> WHAT YOU ARE ASKED TO DO:
The records below are to be duplicated exactly as they appear.

======== INPUT MATERIAL ========

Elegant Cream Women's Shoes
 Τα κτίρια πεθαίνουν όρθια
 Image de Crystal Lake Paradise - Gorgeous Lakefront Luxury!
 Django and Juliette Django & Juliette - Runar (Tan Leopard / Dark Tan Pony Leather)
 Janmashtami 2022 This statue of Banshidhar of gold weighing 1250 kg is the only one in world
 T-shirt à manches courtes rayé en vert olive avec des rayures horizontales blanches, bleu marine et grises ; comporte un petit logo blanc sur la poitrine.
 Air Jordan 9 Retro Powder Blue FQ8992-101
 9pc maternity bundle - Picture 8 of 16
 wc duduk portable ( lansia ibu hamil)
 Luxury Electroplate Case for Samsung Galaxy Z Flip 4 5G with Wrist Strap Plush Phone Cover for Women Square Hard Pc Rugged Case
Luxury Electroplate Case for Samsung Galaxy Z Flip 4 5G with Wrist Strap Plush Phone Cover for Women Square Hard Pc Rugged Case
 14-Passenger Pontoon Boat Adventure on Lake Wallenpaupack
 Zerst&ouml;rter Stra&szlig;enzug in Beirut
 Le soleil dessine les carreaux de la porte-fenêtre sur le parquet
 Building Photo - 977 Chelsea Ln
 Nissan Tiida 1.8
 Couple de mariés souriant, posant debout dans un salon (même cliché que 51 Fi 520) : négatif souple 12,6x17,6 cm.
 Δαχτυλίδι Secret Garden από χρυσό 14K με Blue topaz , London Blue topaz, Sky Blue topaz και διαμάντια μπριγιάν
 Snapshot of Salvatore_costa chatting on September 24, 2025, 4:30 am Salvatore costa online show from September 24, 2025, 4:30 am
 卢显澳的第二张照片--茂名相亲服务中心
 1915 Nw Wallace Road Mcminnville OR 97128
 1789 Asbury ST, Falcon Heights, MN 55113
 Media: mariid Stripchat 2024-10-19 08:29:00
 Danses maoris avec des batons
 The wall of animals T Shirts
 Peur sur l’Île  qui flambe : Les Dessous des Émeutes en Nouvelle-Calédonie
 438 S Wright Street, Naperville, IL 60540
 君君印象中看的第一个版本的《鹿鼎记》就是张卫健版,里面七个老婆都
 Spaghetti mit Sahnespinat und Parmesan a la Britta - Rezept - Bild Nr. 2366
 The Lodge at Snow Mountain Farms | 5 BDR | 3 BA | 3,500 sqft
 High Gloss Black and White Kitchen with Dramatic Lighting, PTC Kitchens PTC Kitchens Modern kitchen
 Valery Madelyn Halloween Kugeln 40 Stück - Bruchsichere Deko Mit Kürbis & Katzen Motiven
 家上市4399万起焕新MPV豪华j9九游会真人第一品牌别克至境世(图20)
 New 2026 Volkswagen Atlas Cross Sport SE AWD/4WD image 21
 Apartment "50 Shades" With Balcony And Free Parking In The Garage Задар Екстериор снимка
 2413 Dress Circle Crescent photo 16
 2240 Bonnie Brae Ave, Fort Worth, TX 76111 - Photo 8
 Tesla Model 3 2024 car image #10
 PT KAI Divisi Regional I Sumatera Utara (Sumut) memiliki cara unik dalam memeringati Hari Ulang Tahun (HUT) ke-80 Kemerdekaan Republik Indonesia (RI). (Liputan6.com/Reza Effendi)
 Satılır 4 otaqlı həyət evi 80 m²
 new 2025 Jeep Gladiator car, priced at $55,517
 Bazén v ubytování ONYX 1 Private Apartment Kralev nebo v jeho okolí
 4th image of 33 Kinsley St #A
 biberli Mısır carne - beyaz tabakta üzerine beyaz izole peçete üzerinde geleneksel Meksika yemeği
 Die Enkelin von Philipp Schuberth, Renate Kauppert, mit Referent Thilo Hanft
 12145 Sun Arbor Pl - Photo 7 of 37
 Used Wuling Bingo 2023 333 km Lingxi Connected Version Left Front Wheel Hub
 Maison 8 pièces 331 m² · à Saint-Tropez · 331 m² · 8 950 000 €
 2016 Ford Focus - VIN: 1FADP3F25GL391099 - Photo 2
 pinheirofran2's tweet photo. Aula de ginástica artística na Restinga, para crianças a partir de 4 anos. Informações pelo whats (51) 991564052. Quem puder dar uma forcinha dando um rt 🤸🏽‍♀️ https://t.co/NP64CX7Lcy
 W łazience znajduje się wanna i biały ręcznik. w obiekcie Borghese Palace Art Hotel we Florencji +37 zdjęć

========

> EXERCISE OUTPUT:
Elegant Cream Women's Shoes
 Τα κτίρια πεθαίνουν όρθια
 Image de Crystal Lake Paradise - Gorgeous Lakefront Luxury!
 Django and Juliette Django & Juliette - Runar (Tan Leopard / Dark Tan Pony Leather)
 Janmashtami 2022 This statue of Banshidhar of gold weighing 1250 kg is the only one in world
 T-shirt à manches courtes rayé en vert olive avec des rayures horizontales blanches, bleu marine et grises ; comporte un petit logo blanc sur la poitrine.
 Air Jordan 9 Retro Powder Blue FQ8992-101
 9pc maternity bundle - Picture 8 of 16
 wc duduk portable ( lansia ibu hamil)
 Luxury Electroplate Case for Samsung Galaxy Z Flip 4 5G with Wrist Strap Plush Phone Cover for Women Square Hard Pc Rugged Case
Luxury Electroplate Case for Samsung Galaxy Z Flip 4 5G with Wrist Strap Plush Phone Cover for Women Square Hard Pc Rugged Case
 14-Passenger Pontoon Boat Adventure on Lake Wallenpaupack
 Zerst&ouml;rter Stra&szlig;enzug in Beirut
 Le soleil dessine les carreaux de la porte-fenêtre sur le parquet
 Building Photo - 977 Chelsea Ln
 Nissan Tiida 1.8
 Couple de mariés souriant, posant debout dans un salon (même cliché que 51 Fi 520) : négatif souple 12,6x17,6 cm.
 Δαχτυλίδι Secret Garden από χρυσό 14K με Blue topaz , London Blue topaz, Sky Blue topaz και διαμάντια μπριγιάν
 Snapshot of Salvatore_costa chatting on September 24, 2025, 4:30 am Salvatore costa online show from September 24, 2025, 4:30 am
 卢显澳的第二张照片--茂名相亲服务中心
 1915 Nw Wallace Road Mcminnville OR 97128
 1789 Asbury ST, Falcon Heights, MN 55113
 Media: mariid Stripchat 2024-10-19 08:29:00
 Danses maoris avec des batons
 The wall of animals T Shirts
 Peur sur l’Île  qui flambe : Les Dessous des Émeutes en Nouvelle-Calédonie
 438 S Wright Street, Naperville, IL 60540
 君君印象中看的第一个版本的《鹿鼎记》就是张卫健版,里面七个老婆都
 Spaghetti mit Sahnespinat und Parmesan a la Britta - Rezept - Bild Nr. 2366
 The Lodge at Snow Mountain Farms | 5 BDR | 3 BA | 3,500 sqft
 High Gloss Black and White Kitchen with Dramatic Lighting, PTC Kitchens PTC Kitchens Modern kitchen
 Valery Madelyn Halloween Kugeln 40 Stück - Bruchsichere Deko Mit Kürbis & Katzen Motiven
 家上市4399万起焕新MPV豪华j9九游会真人第一品牌别克至境世(图20)
 New 2026 Volkswagen Atlas Cross Sport SE AWD/4WD image 21
 Apartment "50 Shades" With Balcony And Free Parking In The Garage Задар Екстериор снимка
 2413 Dress Circle Crescent photo 16
 2240 Bonnie Brae Ave, Fort Worth, TX 76111 - Photo 8
 Tesla Model 3 2024 car image #10
 PT KAI Divisi Regional I Sumatera Utara (Sumut) memiliki cara unik dalam memeringati Hari Ulang Tahun (HUT) ke-80 Kemerdekaan Republik Indonesia (RI). (Liputan6.com/Reza Effendi)
 Satılır 4 otaqlı həyət evi 80 m²
 new 2025 Jeep Gladiator car, priced at $55,517
 Bazén v ubytování ONYX 1 Private Apartment Kralev nebo v jeho okolí
 4th image of 33 Kinsley St #A
 biberli Mısır carne - beyaz tabakta üzerine beyaz izole peçete üzerinde geleneksel Meksika yemeği
 Die Enkelin von Philipp Schuberth, Renate Kauppert, mit Referent Thilo Hanft
 12145 Sun Arbor Pl - Photo 7 of 37
 Used Wuling Bingo 2023 333 km Lingxi Connected Version Left Front Wheel Hub
 Maison 8 pièces 331 m² · à Saint-Tropez · 331 m² · 8 950 000 €
 2016 Ford Focus - VIN: 1FADP3F25GL391099 - Photo 2
 pinheirofran2's tweet photo. Aula de ginástica artística na Restinga, para crianças a partir de 4 anos. Informações pelo whats (51) 991564052. Quem puder dar uma forcinha dando um rt 🤸🏽‍♀️ https://t.co/NP64CX7Lcy
 W łazience znajduje się wanna i biały ręcznik. w obiekcie Borghese Palace Art Hotel we Florencji +37 zdjęć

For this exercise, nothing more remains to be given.